Bisnis-bisnis yang membawa Oei Tiong Ham jadi yang terkaya se-Asia Tenggara
Bisnis utama Oei Tiong sejatinya adalah gula tebu yang mulai melejit pada tahun 1890-an dengan konsumen yang tersebar di berbagai negara. Sebut saja Singapura, Malaysia, India, Thailand, Cina, Brazil, Inggris, Belanda, Swiss, hingga Amerika Serikat. Wajar, karena saat itu mayoritas pasokan gula dunia berasal dari Jawa.
Beliau ini juga pemilik dari NV Handel Maatschappij Kian Gwan, sebuah perusahaan perdagangan gula internasional dan NV Algemeene Maatschppij tot Exploitatie der Oie Tiong Ham Suikerfabrieken yang mengelola lima perkebunan dan penggilingan tebu miliknya yang tersebar di pulau Jawa.
Tak hanya gula, ia jua merambah bisnis perkapalan, perbankan, pabrik tepung tapioka, pergudangan, dan perusahaan properti di berbagai daerah di Indonesia. Hebatnya, semua pencapaian ini diraihnya sebelum ia mencapai usia 30 tahun.
Opium, bisnis “terselubung” yang menjadikan ia kaya raya
Hanya saja, sebelum bisnis-bisnis di atas melesat pesat, Oei Tiong sudah lebih dulu merintis perniagaan opium atau candu. Awal bisnisnya, ketika berusia sekitar 24 tahun, ia memasok bisnis candunya dari Semarang hingga ke Kudus, seiring perluasan jangkauan rel kereta api yang saat itu tengah gencar dibangun.

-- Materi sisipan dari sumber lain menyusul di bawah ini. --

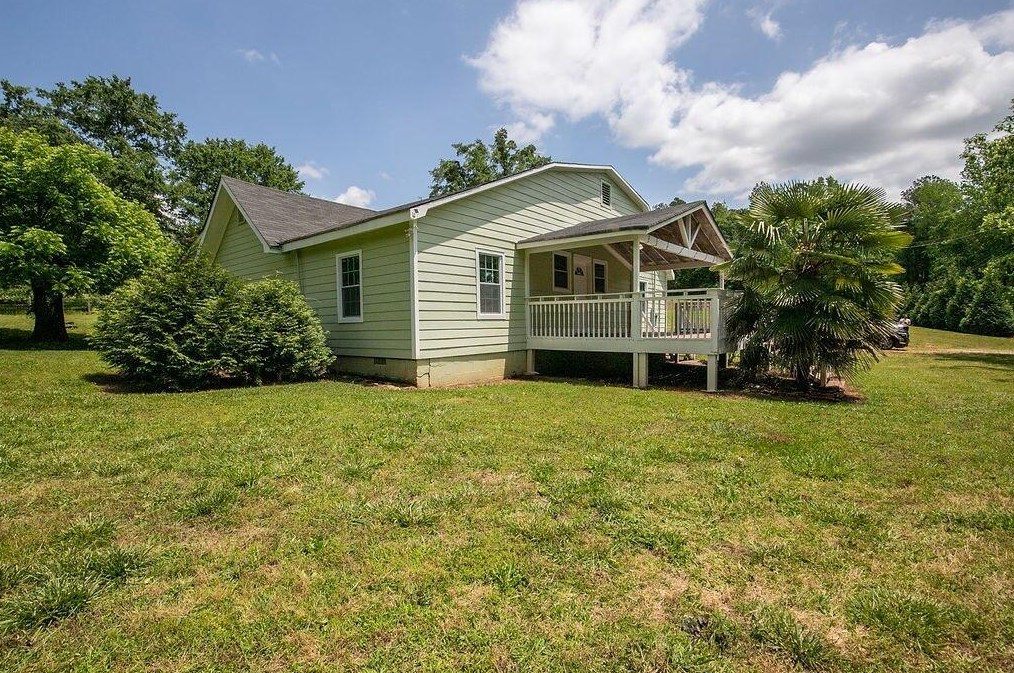 375 Dutchman Rd, Griffin, GA 30223-6692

Salah satu hal yang membuat bisnis candunya makin menggurita adalah karena Oei Tiong dipercaya oleh orang-orang Belanda sebagai pemasok utama madat (candu yang telah diolah dan siap untuk dihisap). Atas ijin dari Belanda, Oei Tiong mendapat keleluasaan untuk memonopoli bisnis ini dan berhasil melebarkan sayap bisnis candunya hingga ke kota besar lain seperti Yogyakarta, Surakarta, dan Surabaya.
Orang paling kaya di Asia Tenggara
Pada usia yang relatif masih sangat muda, 35 tahun, Oei Tiong sudah menjadi salah satu orang terpandang. Ia juga mendapat gelar kehormatan Majoor der Chinezen alias pemimpin etnis Cina di Indonesia. Ia juga merupakan salah satu pelopor orang Indonesia yang mulai menganut gaya berpakaian khas bangsa Eropa saat itu.

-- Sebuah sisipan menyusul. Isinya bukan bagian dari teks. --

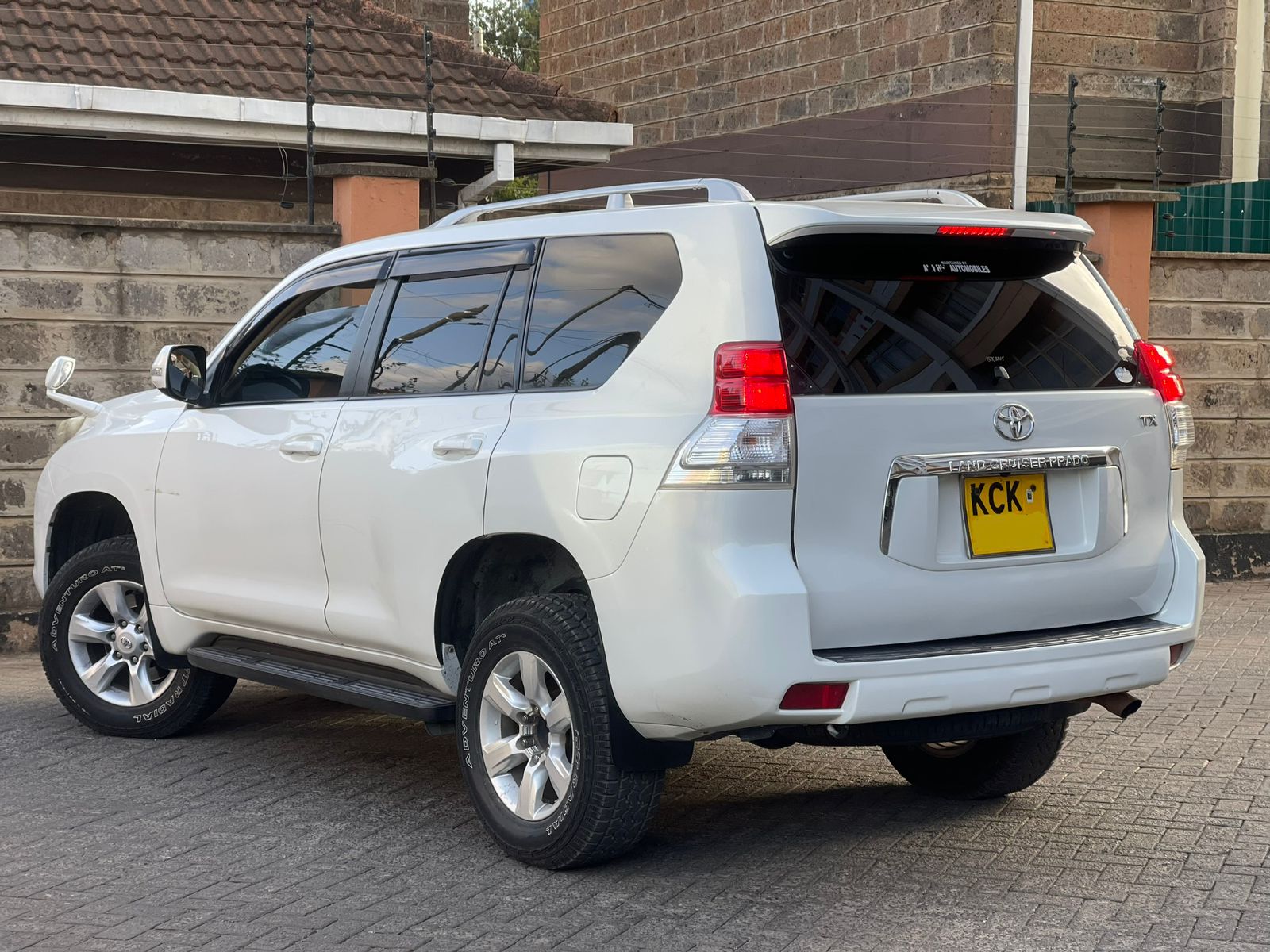 2012 Toyota Landcruiser Prado TX J120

Pada puncak kejayaannya tersebut, kekayaan Oei Tiong ditaksir mencapai 200 juta gulden Belanda. Jumlah yang sangat fantastis kala itu. Sejak saat itu, atau sekitar tahun 1920-an, Oei Tiong mulai pindah dari Indonesia (Hindia Belanda) ke negeri tetangga, Singapura karena alasan pribadi yang berkaitan dengan undang-undang warisan yang dirasa lebih cocok di negara jajahan Inggris tersebut.

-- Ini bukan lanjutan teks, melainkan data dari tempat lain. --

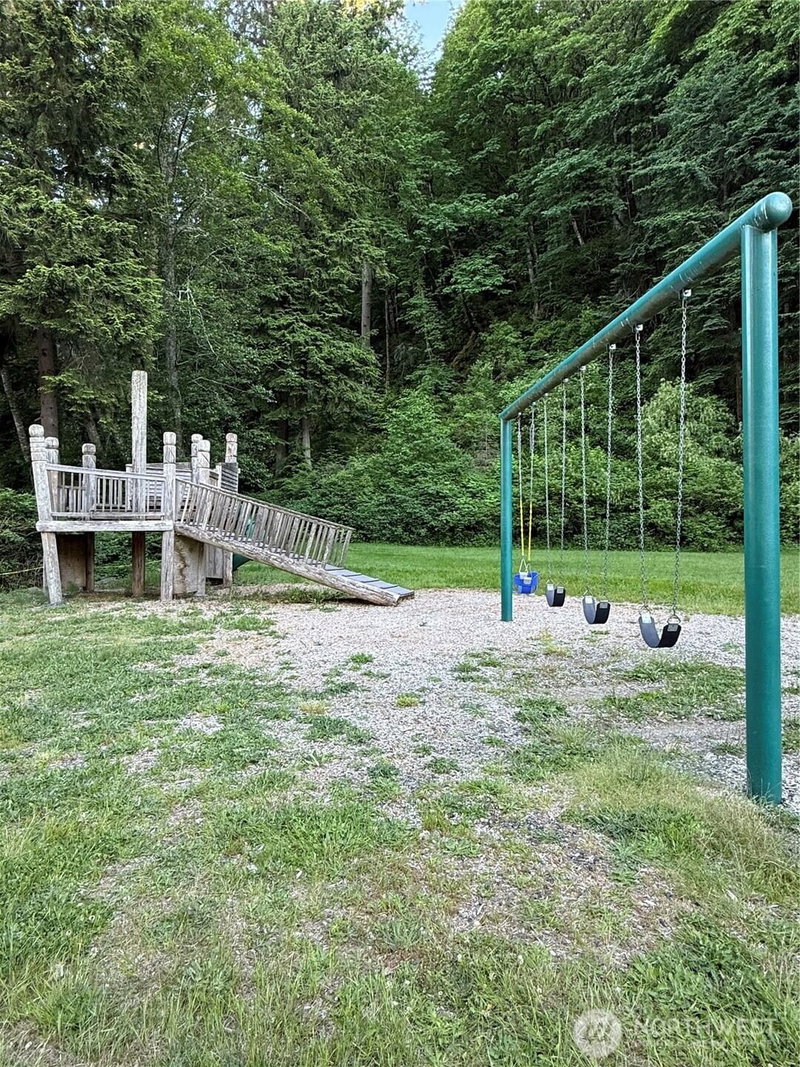 2959 Dogwood Terrace photo 21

Kunci kesuksesan Oei Tiong Ham
Selain jeli melihat peluang dan berani mengambil risiko, salah satu kunci kesuksesan Oei Tiong dalam membangun binis adalah, ia tak segan mempekerjakan orang-orang paling kompeten, sekalipun mereka adalah orang asing dan bayarannya selangit jika dibandingkan dengan gaji pribumi.
Banyak sekali pekerja di pabrik dan perusahaannya yang berasal dari Eropa. Sopir serta guru les anak-anaknya dari Inggris, pengasuh mereka dari Perancis, pengacara pribadi dan juru bahasanya dari Belanda. Beruntung, ayahnya memiliki kenalan seorang konsulat Jerman, sehingga ia dapat memodernisasi mesin di pabriknya dengan mesin dari Jerman yang sudah teruji kehebatannya.
Oei Tiong meninggal secara mendadak pada tahun 1961. Penyebabnya adalah serangan jantung. Harta yang ia miliki, kemudian diwariskan kepada keluarga besarnya. Namun, pada tahun 1961, pemerintah Indonesia menyita dan mengambil alih seluruh aset Oei Tiong Ham Concern di Indonesia.